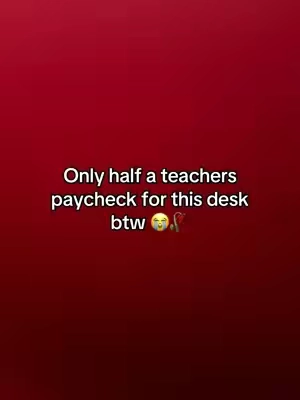 Great quality to #fyp #desk 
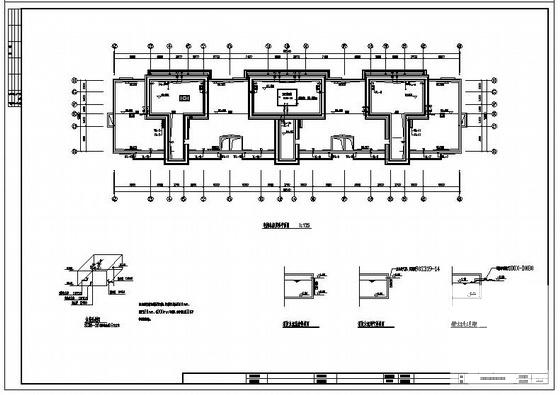 13层大厦给排水施工图纸 - 3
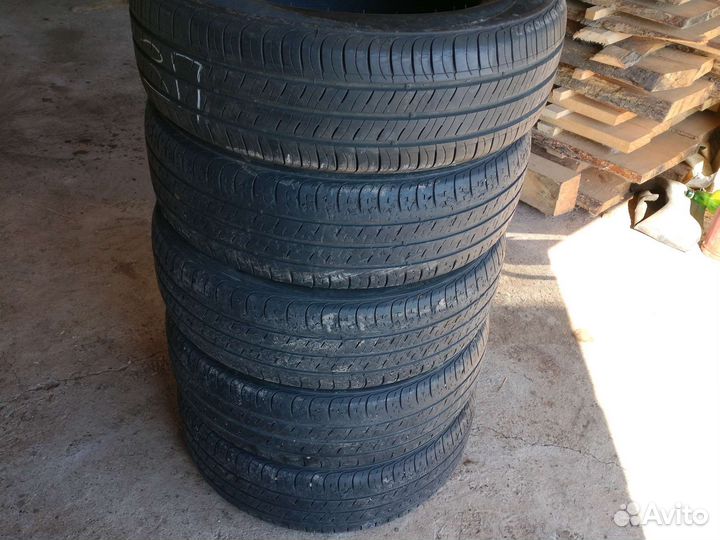 Kumho Solus SA01 KH32 205/65 R16 95H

> **EXERCISE INSTRUCTIONS**
Leaving out only the pictures, return the material above unchanged.

> **RESPONSE AREA**
 Great quality to #fyp #desk 
 13层大厦给排水施工图纸 - 3
 Kumho Solus SA01 KH32 205/65 R16 95H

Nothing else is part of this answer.